The film was televised nationally beginning in June 2004 on the PBS series Independent Lens. The DVD is available from Gigantic Pictures on its official website. The film is also available on streaming services such as Amazon Video.

==Critical reception==
Cosmopolitan was selected as one of 10 American PBS programs screened at INPUT 2005, an international conference on the best in public television. It was the only narrative film to have that distinction.

The film has received very favorable print reviews, and was variously described as "charming," "wry", "touching", and "hilarious" by Variety, Newsday, Time Out New York, and The Southeast Asian. The Boston Phoenix noted the film's "superb performances". New Beats remarked that screenwriter Dhawan and director Ganatra "capture the sense of suburban desolation in Gopal's world and the vivaciousness of Bollywood in the fantasy sequences. ... [D]epicting love so realistically with a sense of whimsy ... makes [the film] engaging."

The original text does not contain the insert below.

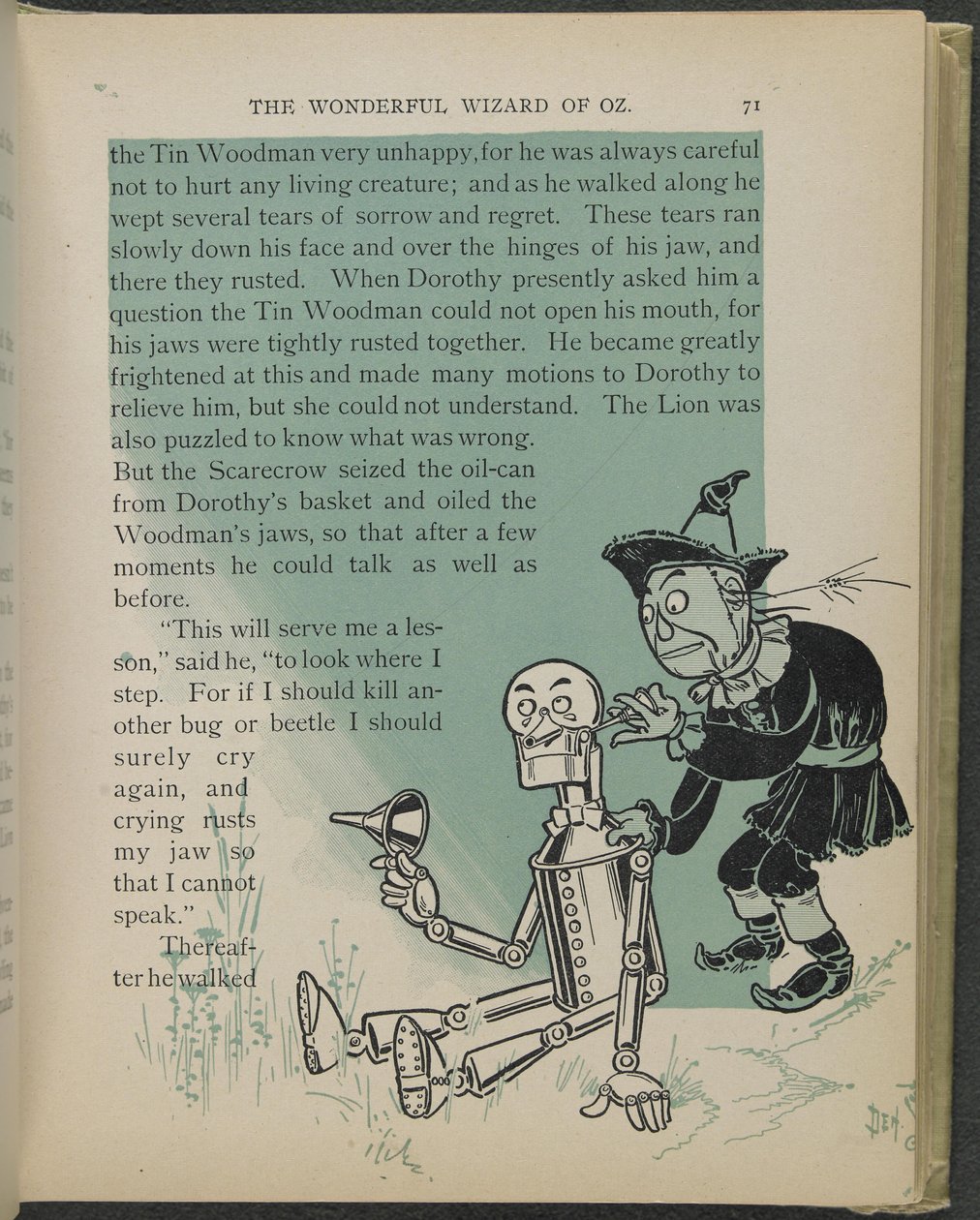  av William Wallace Denslow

The Associated Press called Cosmopolitan a "witty and tender depiction of mature romance". And the Austin Chronicle wrote, "Director Nisha Ganatra has crafted a frothy yet poignant valentine to first-generation immigrants longing for their home country while forging a new life in their adopted one, and a celebration of the romantic lurking within even the most resigned-to-loneliness heart."

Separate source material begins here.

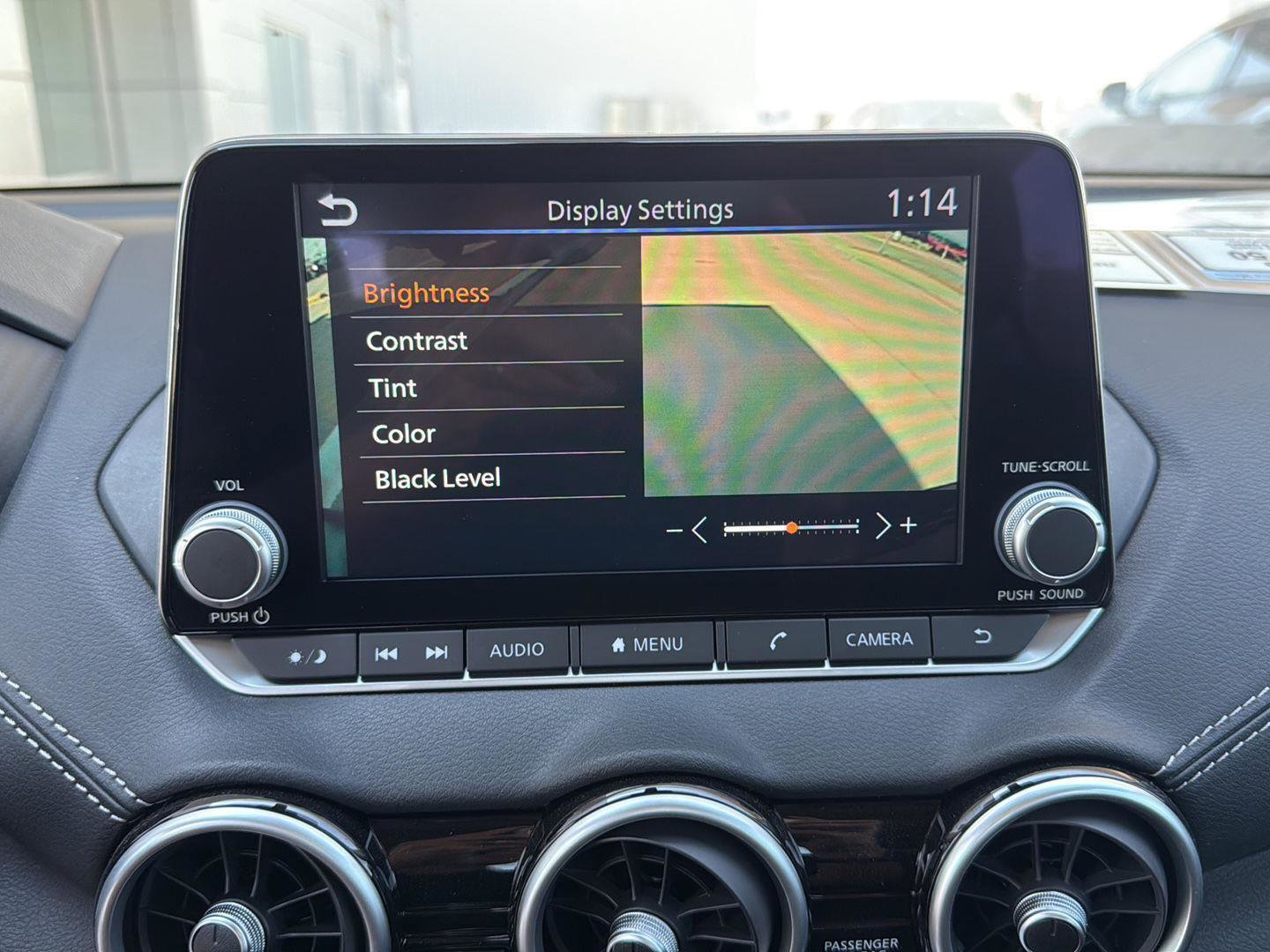 New 2025 Nissan Sentra SV w/ All-Weather Package FWD image 26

Ronnie Sheib in Variety noted the "friendly cross-cultural fireworks" between Roshan Seth and Carol Kane, and stated that "[c]hemistry between leads spikes in quirky arcs, with fantasy Bollywood musical sequences livening up tender moments." Calling the film "charming", he opined that the film "suffers slightly from tasteful restraint and numbers are often more pleasing in concept than execution", but also felt that the film "successfully sidesteps [a] rarified, over-literary small-screen look". Carol Kane as Mrs. Shaw is praised for her nuanced performance: "Such is the power of Kane's oddball sweetness that she is able to invest these scenes with amazing emotional resonance. Overweight and without makeup, Kane has a vulnerability that reads as a rare form of courage." And director Nisha Ganatra is noted for "ground[ing] Kane's feyness in workaday experience and middle-aged acceptance, making her the perfect vehicle for Seth's long-delayed voyage of self-discovery".